In C#, an identifier is a name assigned to a method, a variable, or any other user-defined item. Identifiers can be one or more characters long. Variable names may start with any letter of the alphabet or an underscore. Next may be a letter, a digit, or an underscore.

Remember, you can’t start an identifier with a digit

Although you cannot use any of the reserved C# keywords as identifiers, C# does allow you to precede a keyword with an @, allowing it to be a legal identifier. For example, @for is a valid identifier.In this case, the identifier is actually for and the @ is ignored.

The C# Reserved Keywords

Keywords are predefined, reserved identifiers that have special meanings to the compiler. They cannot be used as identifiers in your program unless they include @ as a prefix. For example, @if is a valid identifier but if is not because if is a keyword.

The first table in this topic lists keywords that are reserved identifiers in any part of a C# program. The second table in this topic lists the contextual keywords in C#. Contextual keywords have special meaning only in a limited program context and can be used as identifiers outside that context. Generally, as new keywords are added to the C# language, they are added as contextual keywords in order to avoid breaking programs written in earlier versions.

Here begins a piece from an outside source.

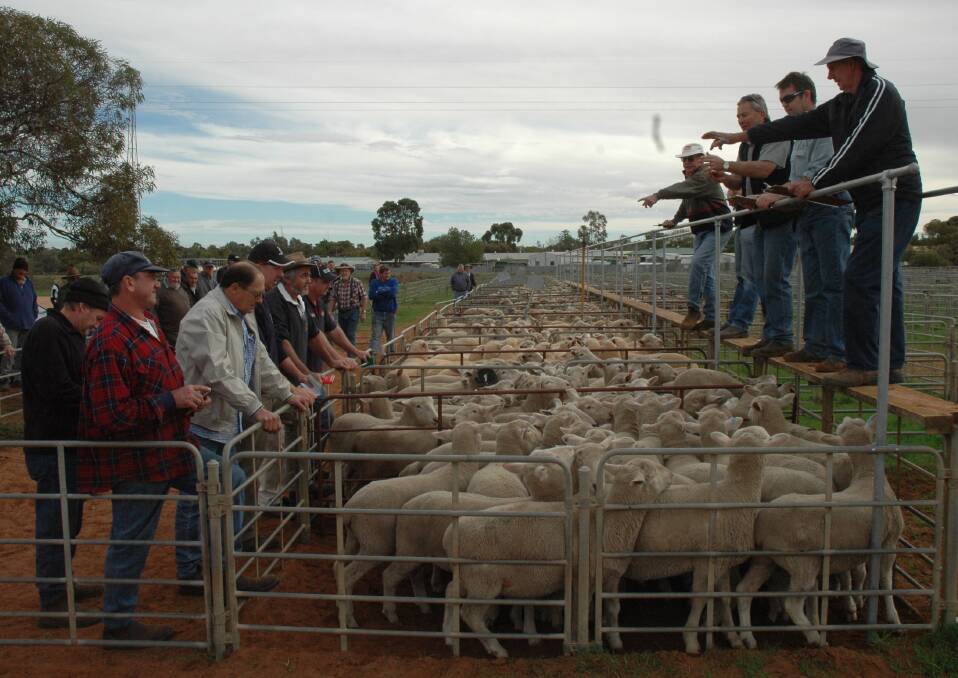 WINDING UP: Next Wednesday's Loxton livestock market at 11am will be the last due to dwindling numbers. Past buyers and vendors are invited to the Loxton Club afterwards to commemorate the final sale.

Here is the full list of C# keywords:

abstract as base bool break
byte case catch char checked
class const continue decimal default
delegate do double else enum
event explicit extern false finally
fixed float for foreach goto
if implicit in int interface
internal is lock long namespace
new null object operator out
override params private protected public
readonly ref return sbyte sealed
short sizeof stackalloc static string
struct switch this throw true
try typeof uint ulong unchecked
unsafe ushort using virtual volatile
void while

The C# Contextual Keywords

A contextual keyword is used to provide a specific meaning in the code, but it is not a reserved word in C#. Some contextual keywords, such as partial and where, have special meanings in two or more contexts.